22. A backlight unit, comprising:

a light guide plate;

a wavelength conversion pattern disposed on a first surface of the light guide plate; and

a first scattering pattern disposed on a second surface of the light guide plate,

wherein the wavelength conversion pattern and the first scattering pattern do not overlap each other in a plan view.

23. The backlight unit of claim 22, wherein the light guide plate comprises a light incidence surface and a counter surface opposite the light incidence surface, the backlight unit further comprising a light source facing the light incidence surface, wherein the light source emits blue light.

24. The backlight unit of claim 23, wherein the wavelength conversion pattern comprises a plurality of wavelength conversion patterns spaced apart from each other, wherein the wavelength conversion patterns are arranged along a first direction to form a plurality of wavelength conversion pattern columns, the first direction is a direction from the light incidence surface toward the counter surface, and an arrangement density of the wavelength conversion patterns in the wavelength conversion pattern columns increases from the light incidence surface toward the counter surface.

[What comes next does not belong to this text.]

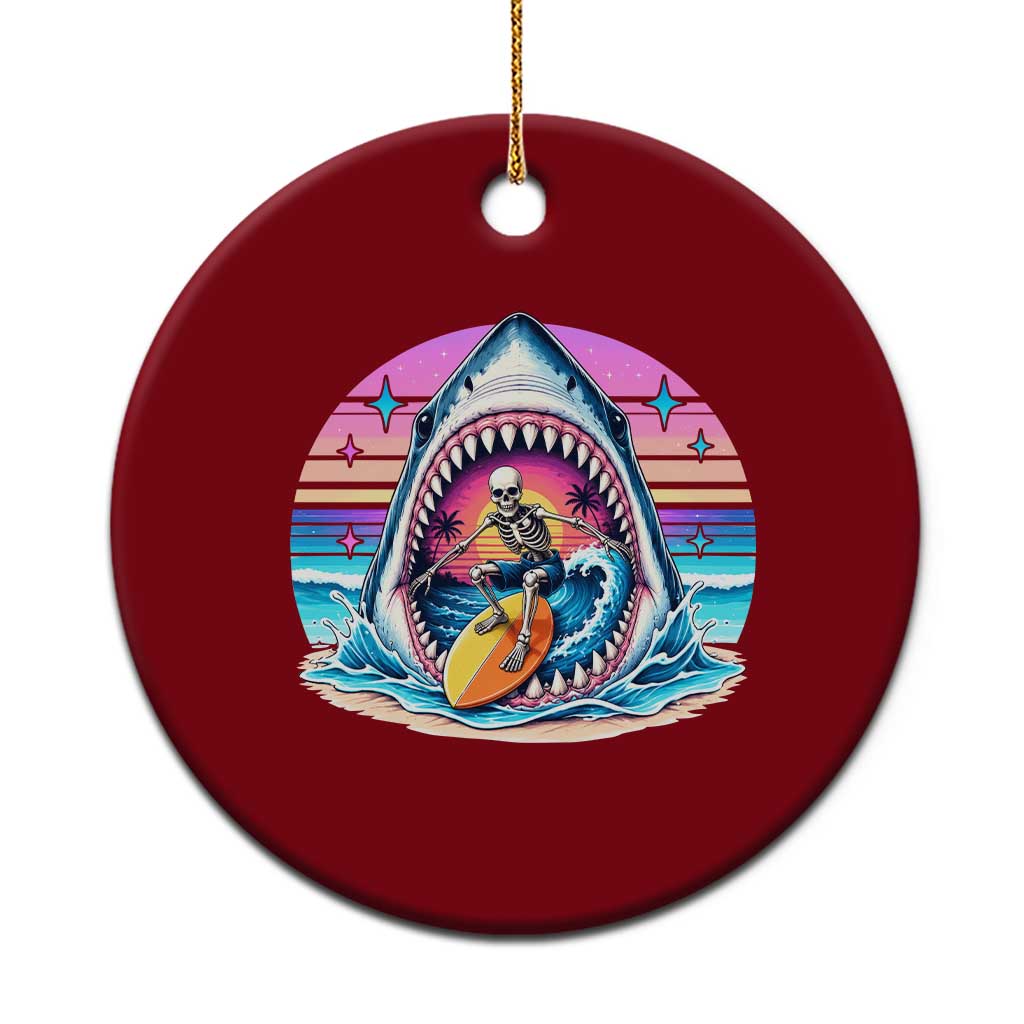 Shark Skeleton Surfer Ceramic Ornament Hawaiian Beach Vacation Gift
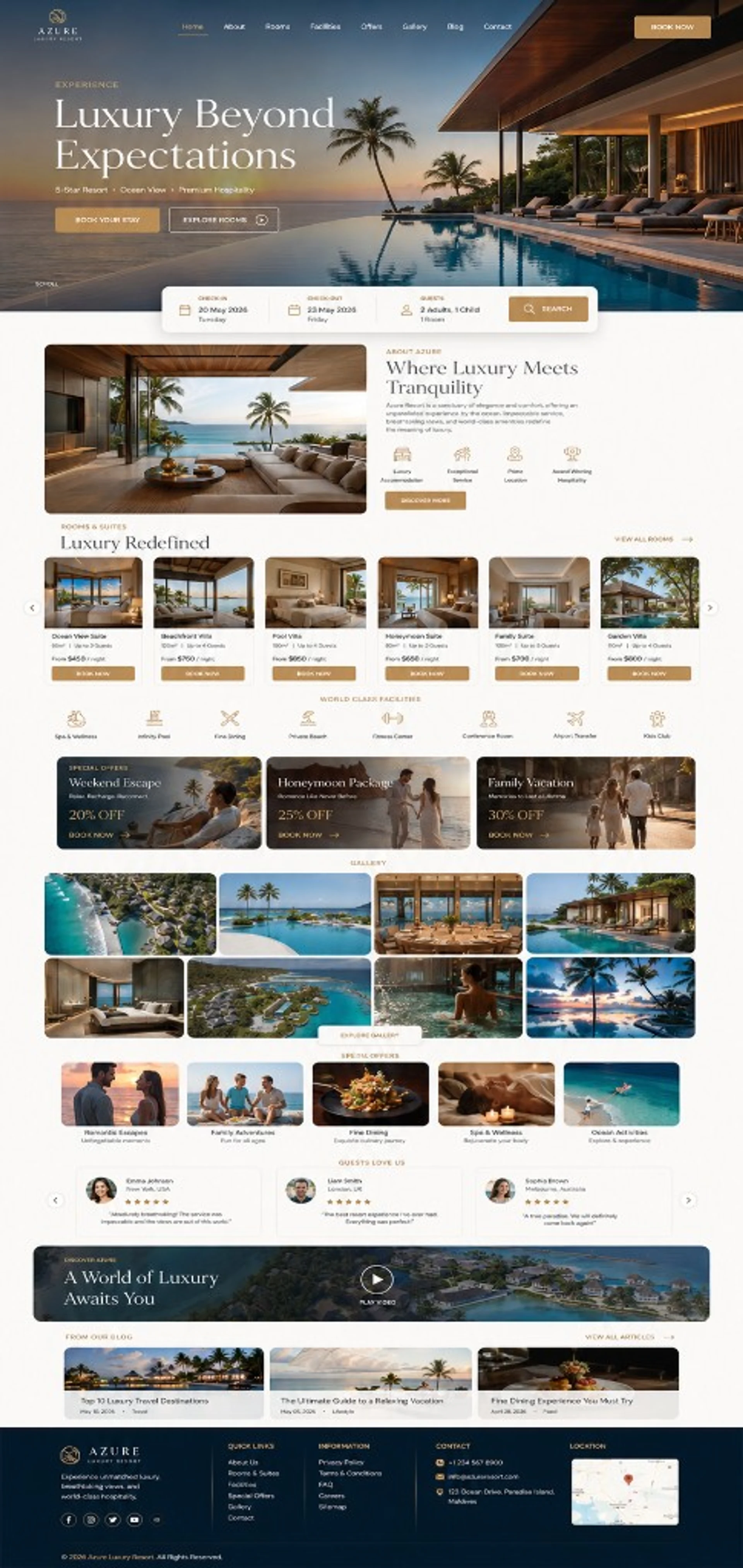 Website khách sạn cao cấp view biển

25. The backlight unit of claim 24, wherein the first scattering pattern comprises a plurality of scattering patterns spaced apart from each other, wherein the scattering patterns are arranged along the first direction to form a plurality of scattering pattern columns, and an arrangement density of the scattering patterns in the scattering pattern columns increases from the light incidence surface toward the counter surface.

26. The backlight unit of claim 22, further comprising a passivation layer disposed on the wavelength conversion pattern and covering the wavelength conversion pattern.

27. The backlight unit of claim 26, wherein the first scattering pattern is shaped as a concave pattern formed on the second surface of the light guide plate.

28. The backlight unit of claim 26, wherein the first scattering pattern comprises a resin layer and a pattern portion recessed from a first surface of the resin layer.

29. The backlight unit of claim 22, further comprising a second scattering pattern which overlaps the light guide plate, wherein at least a part of the second scattering pattern overlaps the wavelength conversion pattern in the plan view.

30. A display device, comprising:

a light guide plate which comprises a first side surface, a second side surface opposite the first side surface, an upper surface connected to the first side surface and the second side surface, and a lower surface opposite the upper surface;

a wavelength conversion pattern disposed on the upper surface of the light guide plate or the lower surface of the light guide plate;

a scattering pattern disposed on the upper surface of the light guide plate or the lower surface of the light guide plate;

a light source facing the first surface; and

a display panel which overlaps the light guide plate,

wherein the wavelength conversion pattern and the scattering pattern do not overlap each other in a plan view.

31. The display of claim 30, wherein the light source emits blue light, the wavelength conversion pattern comprises first wavelength conversion particles for converting the blue light into green tight and second wavelength conversion particles for converting the blue light into red light.